Mephisto | Dystopien | Das Ende der Welt
Die neuste Folge der arttv Literatursendung Mephisto beschäftig sich mit dem Ende der Welt
Globale politische Spannungen, aber auch beschleunigte Umbrüche in Wissenschaft und Technik lassen bedrohliche Phantasmen und Schreckensbilder am Horizont erscheinen. Aber welche Mächte bedrohen die Strukuren der gegenwärtigen Ordnung? Welche Gestalten werden aus den Kämpfen und Umwälzungen der Zukunft emporsteigen? Und welche Bücher sind dazu Pflichtlektüre?

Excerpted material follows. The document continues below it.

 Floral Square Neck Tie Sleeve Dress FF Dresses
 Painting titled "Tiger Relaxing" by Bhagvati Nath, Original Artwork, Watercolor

In der neuesten Folge von «Mephisto» spricht Tilman Hoffer mit dem weissrussischen Autor Viktor Martinowitsch über dessen neuen Roman «Mova». Darin ist das heutige Weissrussland zur Randprovinz eines chinesisch-russischen Imperiums herabgesunken, wo das Leben von einem korrupten Polizeiapparat und kriminellen Banden beherrscht wird. Mova, die weissrussische Sprache, ist verboten, sie gilt als Rauschgift, auf dessen Verbreitung und Konsum schwere Bestrafung steht.
Martinowitschs Roman ist raffiniert und temporeich erzählt und lässt eine groteske Atmosphäre der Paranoia entstehen. Doch die Realität holt die Fiktion ein: Fast zeitgleich zum Interview wurden in der weissrussischen Hauptstadt Minsk friedliche Demonstrationen brutal zerschlagen, und es kam zu hunderten von willkürlichen Verhaftungen. Der Vorwurf: Die Beschuldigten hätten öffentlich Belorussisch gesprochen – ein Anzeichen für ihre subversive Gesinnung. Viktor Martinowitschs Verleger, der sich ursprünglich auch unter den Verhafteten befand, ist inzwischen glücklicherweise wieder auf freiem Fuss. Es erwartet ihn jedoch noch ein Gerichtsprozess.
Ausserdem in dieser Folge von «Mephisto»: Boualem Sansal beschreibt in seinem Roman 2084 einen weltumspannenden totalitären Staat, der auf fanatischen religiösen Fundamentalismus gegründet ist.
Und Don DeLillo erweist sich einmal mehr als Schriftsteller von Weltrang und als düsterer Prophet, wenn er in seinem brillanten Roman Null K von einem geheimnisvollen Forschungszentrum erzählt, wo mittels modernster Kryostase-Technik die Unsterblichkeit erprobt wird – und damit der Weg zu einem neuen Menschengeschlecht, frei von Geschichte, Prägung und Angst, und von nie gesehener Reinheit des Geistes.